* [EXERCISE AIM]
Every entry below should be reproduced exactly, with all pictures left out.
══ GIVEN RECORDS ══
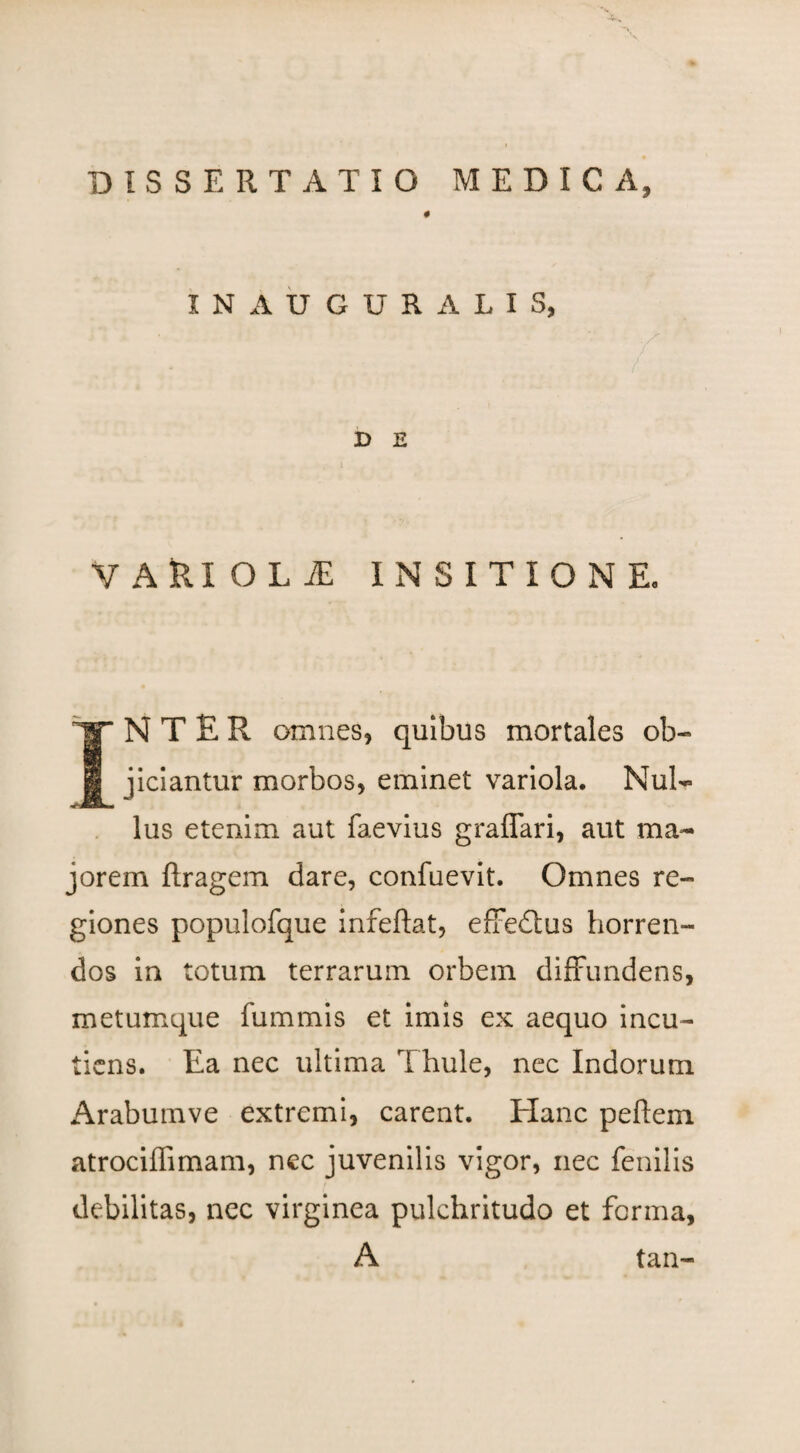 DISSERTATIO MEDICA, # INAUGURATIS, D E VARI O L iE INSITIONE. INTER omnes, quibus mortales ob¬ jiciantur morbos, eminet variola. Nul¬ lus etenim aut faevius graffari, aut ma¬ jorem ftragem dare, confuevit. Omnes re¬ giones populofque infeftat, effedtus horren¬ dos in totum terrarum orbem diffundens, metumque fummis et imis ex aequo incu- tiens. Ea nec ultima Thule, nec Indorum Arabumve extremi, carent. Elanc peflem atrociffimam, nec juvenilis vigor, nec fenilis debilitas, nec virginea pulchritudo et forma, A tan-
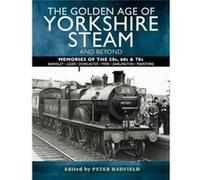 The Golden Age of Yorkshire Steam and Beyond by Peter Hadfield Peter Hadfield (Auteur)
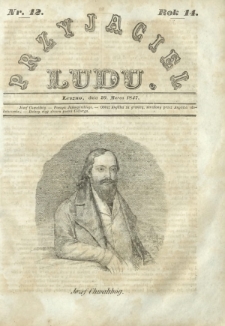 Przyjaciel Ludu : czyli tygodnik potrzebnych i pożytecznych wiadomości. R.14, Nr 12 (20 marca 1847)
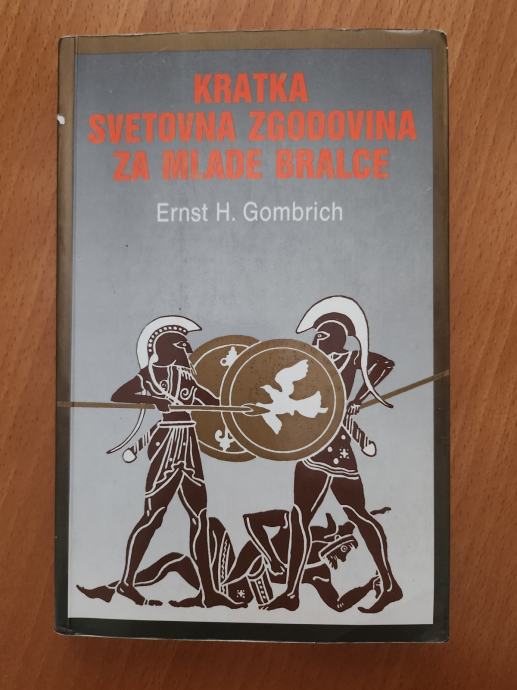 KRATKA ZGODOVINA ZA MLADE BRALCE (Ernst H. Gombrich)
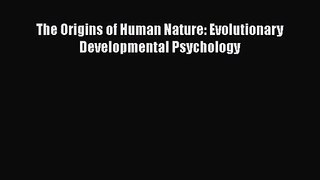 [PDF Download] The Origins of Human Nature: Evolutionary Developmental Psychology [Download]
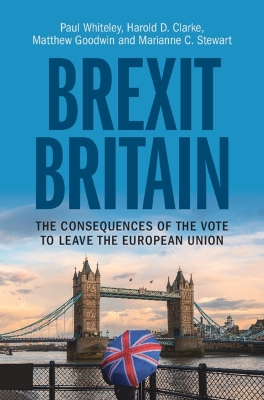 Brexit Britain: The Consequences of the Vote to Leave the European Union by Paul Whiteley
═══
* [RESPONSE TO THIS TASK]
 DISSERTATIO MEDICA, # INAUGURATIS, D E VARI O L iE INSITIONE. INTER omnes, quibus mortales ob¬ jiciantur morbos, eminet variola. Nul¬ lus etenim aut faevius graffari, aut ma¬ jorem ftragem dare, confuevit. Omnes re¬ giones populofque infeftat, effedtus horren¬ dos in totum terrarum orbem diffundens, metumque fummis et imis ex aequo incu- tiens. Ea nec ultima Thule, nec Indorum Arabumve extremi, carent. Elanc peflem atrociffimam, nec juvenilis vigor, nec fenilis debilitas, nec virginea pulchritudo et forma, A tan-
 The Golden Age of Yorkshire Steam and Beyond by Peter Hadfield Peter Hadfield (Auteur)
 Przyjaciel Ludu : czyli tygodnik potrzebnych i pożytecznych wiadomości. R.14, Nr 12 (20 marca 1847)
 KRATKA ZGODOVINA ZA MLADE BRALCE (Ernst H. Gombrich)
 [PDF Download] The Origins of Human Nature: Evolutionary Developmental Psychology [Download]
 Brexit Britain: The Consequences of the Vote to Leave the European Union by Paul Whiteley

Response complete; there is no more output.